Driving down to Atlanta, I heard someone on a podcast refer to a lyric from the band "Yes" that went "Don't surround yourself with yourself." And while we always think of cons as a place we go to find like-minded people, one of the things I love dearly about 221B Con is all the people here who don't think like me. Because I've seen all of my thoughts, and I want to learn something new. And our friend Sherlock Holmes has always been a one man portal to learning something new.
So when we last left our hero, he was headed down to a panel called "ABO 1 (+18)" . . . abbreviation to be explained shortly. Of course, my Central Time senses had me an hour off, so I wound up heading into the bar with an hour to kill and found inimitable Sherlockian sword-wielder, Ashley Polasek who will be a vital part of the singlestick demo tomorrow, with no chairs at her table.
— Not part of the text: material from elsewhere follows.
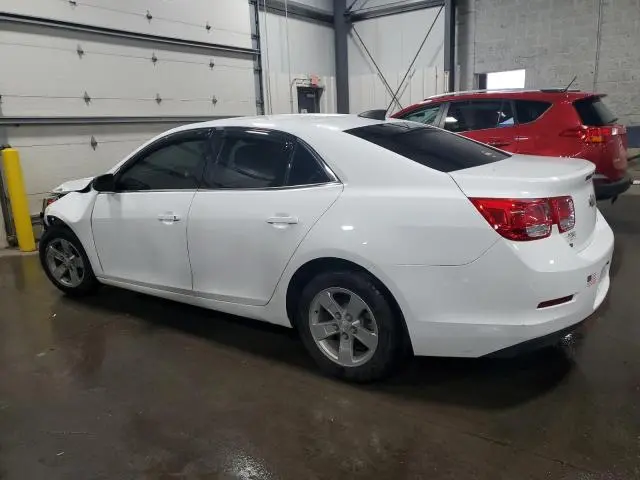 2016 CHEVROLET MALIBU LIMITED LS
A couple of chairs were found by the waitress, to accommodate myself and the imminent arrival of Curtis Armstrong, after which followed some great stories of starstruck encounters and awkward proms, the arrival of three Baker Street Babes (Amy, Sara, and Lyndsay), and eventually the walking entertainment that is Tim Greer. Chairs were discovered and/or stolen for all, chairs being in short supply in the Perimeter Marriott bar with so many people inviting new and old friends to their tables.
Now, there was no reason to leave such a table that one is lucky to find one's self at, but I had determined to hit that "ABO" panel and a handy Tweet told me the time had come. Mistake, right? That was a great table! But, no! Let me explain "ABO" to you.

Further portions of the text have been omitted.